• _Task_
Beginning at the line containing "Pacsun Y2K Moto" in the material below and ending at the line containing "Experience Lake Minnetonka", return each line exactly and add nothing.

━━━

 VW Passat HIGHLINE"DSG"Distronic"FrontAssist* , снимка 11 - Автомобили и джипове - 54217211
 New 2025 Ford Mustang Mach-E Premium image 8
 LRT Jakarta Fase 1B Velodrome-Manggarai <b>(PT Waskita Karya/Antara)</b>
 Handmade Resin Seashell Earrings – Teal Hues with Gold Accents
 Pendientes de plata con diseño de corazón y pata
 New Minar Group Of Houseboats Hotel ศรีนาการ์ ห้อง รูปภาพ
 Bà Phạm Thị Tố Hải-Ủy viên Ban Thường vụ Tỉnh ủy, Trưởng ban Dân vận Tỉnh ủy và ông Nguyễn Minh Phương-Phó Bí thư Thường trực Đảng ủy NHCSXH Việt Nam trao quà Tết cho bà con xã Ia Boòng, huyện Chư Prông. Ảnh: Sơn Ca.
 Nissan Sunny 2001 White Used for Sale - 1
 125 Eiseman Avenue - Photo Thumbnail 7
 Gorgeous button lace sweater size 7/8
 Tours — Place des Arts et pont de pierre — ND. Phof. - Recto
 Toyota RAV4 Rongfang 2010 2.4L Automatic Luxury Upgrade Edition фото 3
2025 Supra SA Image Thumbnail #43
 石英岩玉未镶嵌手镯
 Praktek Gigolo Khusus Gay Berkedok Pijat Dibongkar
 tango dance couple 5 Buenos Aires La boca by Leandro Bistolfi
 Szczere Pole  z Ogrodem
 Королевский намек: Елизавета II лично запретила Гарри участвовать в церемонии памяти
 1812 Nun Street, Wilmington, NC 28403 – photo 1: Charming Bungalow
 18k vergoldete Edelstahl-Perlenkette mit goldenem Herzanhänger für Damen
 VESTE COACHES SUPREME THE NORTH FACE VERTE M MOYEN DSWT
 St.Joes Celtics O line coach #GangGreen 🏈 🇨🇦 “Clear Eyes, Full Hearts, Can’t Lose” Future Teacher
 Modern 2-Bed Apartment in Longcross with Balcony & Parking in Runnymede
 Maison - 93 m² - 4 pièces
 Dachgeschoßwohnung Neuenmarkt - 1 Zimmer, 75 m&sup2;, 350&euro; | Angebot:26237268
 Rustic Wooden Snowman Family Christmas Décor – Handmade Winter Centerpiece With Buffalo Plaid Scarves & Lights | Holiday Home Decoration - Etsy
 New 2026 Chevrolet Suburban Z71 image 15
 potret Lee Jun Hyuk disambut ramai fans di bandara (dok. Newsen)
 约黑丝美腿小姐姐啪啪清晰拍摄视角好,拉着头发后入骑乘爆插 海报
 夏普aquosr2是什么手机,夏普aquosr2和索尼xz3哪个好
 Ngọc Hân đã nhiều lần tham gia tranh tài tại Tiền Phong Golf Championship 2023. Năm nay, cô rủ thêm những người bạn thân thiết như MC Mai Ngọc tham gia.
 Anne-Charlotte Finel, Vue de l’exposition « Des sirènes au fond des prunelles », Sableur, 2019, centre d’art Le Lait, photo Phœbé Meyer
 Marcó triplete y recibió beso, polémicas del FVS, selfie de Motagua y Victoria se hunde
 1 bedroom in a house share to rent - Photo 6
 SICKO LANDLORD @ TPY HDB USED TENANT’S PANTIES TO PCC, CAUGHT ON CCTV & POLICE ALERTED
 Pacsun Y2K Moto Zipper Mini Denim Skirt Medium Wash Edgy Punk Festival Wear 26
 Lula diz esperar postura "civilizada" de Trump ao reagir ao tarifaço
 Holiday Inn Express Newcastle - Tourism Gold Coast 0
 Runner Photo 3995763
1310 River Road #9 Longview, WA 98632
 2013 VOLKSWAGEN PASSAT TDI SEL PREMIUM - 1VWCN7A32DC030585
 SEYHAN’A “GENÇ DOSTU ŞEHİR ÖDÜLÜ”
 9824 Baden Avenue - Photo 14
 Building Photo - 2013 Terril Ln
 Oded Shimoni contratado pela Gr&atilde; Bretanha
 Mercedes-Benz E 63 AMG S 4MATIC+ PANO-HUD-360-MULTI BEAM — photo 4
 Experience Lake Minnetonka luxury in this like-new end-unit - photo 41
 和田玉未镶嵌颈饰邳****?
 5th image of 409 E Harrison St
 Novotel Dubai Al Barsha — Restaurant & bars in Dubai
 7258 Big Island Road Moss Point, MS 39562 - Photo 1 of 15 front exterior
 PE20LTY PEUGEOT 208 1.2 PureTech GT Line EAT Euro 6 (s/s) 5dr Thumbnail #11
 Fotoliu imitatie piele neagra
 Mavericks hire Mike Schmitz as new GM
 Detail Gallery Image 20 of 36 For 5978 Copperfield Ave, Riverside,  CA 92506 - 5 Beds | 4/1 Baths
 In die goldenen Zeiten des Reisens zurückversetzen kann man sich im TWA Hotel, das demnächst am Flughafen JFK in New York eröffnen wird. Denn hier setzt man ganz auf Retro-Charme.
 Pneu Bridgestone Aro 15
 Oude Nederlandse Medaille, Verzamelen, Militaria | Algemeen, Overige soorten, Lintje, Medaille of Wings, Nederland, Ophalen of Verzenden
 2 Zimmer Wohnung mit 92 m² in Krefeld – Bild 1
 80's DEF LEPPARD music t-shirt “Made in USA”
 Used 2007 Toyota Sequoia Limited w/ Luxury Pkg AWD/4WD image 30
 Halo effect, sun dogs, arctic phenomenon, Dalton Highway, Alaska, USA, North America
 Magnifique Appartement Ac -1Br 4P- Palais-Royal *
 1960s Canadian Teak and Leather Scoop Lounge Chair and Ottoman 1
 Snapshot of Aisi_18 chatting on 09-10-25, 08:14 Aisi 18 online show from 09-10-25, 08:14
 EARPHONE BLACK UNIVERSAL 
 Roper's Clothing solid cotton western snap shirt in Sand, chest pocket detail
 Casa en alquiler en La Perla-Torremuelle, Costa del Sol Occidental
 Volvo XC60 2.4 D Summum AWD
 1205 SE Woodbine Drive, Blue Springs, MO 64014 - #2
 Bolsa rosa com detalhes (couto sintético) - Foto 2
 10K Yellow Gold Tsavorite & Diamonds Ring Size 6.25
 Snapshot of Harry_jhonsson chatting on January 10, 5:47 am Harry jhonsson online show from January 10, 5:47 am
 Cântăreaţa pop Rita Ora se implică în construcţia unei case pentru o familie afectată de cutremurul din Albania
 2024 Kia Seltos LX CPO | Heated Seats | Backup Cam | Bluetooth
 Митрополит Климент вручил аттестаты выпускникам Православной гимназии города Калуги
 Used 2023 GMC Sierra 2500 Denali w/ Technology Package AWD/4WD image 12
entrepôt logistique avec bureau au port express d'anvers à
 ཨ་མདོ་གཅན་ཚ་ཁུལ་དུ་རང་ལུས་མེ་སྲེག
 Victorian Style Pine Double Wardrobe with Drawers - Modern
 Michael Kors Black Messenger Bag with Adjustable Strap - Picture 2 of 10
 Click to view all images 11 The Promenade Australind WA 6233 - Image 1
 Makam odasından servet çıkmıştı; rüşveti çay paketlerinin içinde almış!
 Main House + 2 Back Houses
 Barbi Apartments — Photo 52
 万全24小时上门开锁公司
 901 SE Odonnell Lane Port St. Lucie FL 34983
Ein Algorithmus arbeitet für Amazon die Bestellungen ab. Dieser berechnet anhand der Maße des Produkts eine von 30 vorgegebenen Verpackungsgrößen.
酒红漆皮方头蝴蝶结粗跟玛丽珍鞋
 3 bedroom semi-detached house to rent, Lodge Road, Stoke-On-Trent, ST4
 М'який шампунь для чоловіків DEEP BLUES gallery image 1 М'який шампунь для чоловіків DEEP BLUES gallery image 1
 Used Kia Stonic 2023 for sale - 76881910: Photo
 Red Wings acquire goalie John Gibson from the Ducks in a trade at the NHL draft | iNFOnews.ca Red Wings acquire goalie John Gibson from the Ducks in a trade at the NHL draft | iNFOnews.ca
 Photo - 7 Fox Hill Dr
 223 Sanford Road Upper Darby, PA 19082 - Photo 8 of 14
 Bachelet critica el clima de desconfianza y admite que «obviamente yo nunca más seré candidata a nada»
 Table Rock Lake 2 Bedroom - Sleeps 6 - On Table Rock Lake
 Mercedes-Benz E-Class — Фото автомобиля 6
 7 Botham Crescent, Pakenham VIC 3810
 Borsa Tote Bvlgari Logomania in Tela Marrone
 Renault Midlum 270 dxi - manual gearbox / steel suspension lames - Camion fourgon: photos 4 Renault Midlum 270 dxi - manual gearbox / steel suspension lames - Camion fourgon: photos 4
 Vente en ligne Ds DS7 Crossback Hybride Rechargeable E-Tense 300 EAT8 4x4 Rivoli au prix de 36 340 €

━━━

• _Result of the exercise_
 Pacsun Y2K Moto Zipper Mini Denim Skirt Medium Wash Edgy Punk Festival Wear 26
 Lula diz esperar postura "civilizada" de Trump ao reagir ao tarifaço
 Holiday Inn Express Newcastle - Tourism Gold Coast 0
 Runner Photo 3995763
1310 River Road #9 Longview, WA 98632
 2013 VOLKSWAGEN PASSAT TDI SEL PREMIUM - 1VWCN7A32DC030585
 SEYHAN’A “GENÇ DOSTU ŞEHİR ÖDÜLÜ”
 9824 Baden Avenue - Photo 14
 Building Photo - 2013 Terril Ln
 Oded Shimoni contratado pela Gr&atilde; Bretanha
 Mercedes-Benz E 63 AMG S 4MATIC+ PANO-HUD-360-MULTI BEAM — photo 4
 Experience Lake Minnetonka luxury in this like-new end-unit - photo 41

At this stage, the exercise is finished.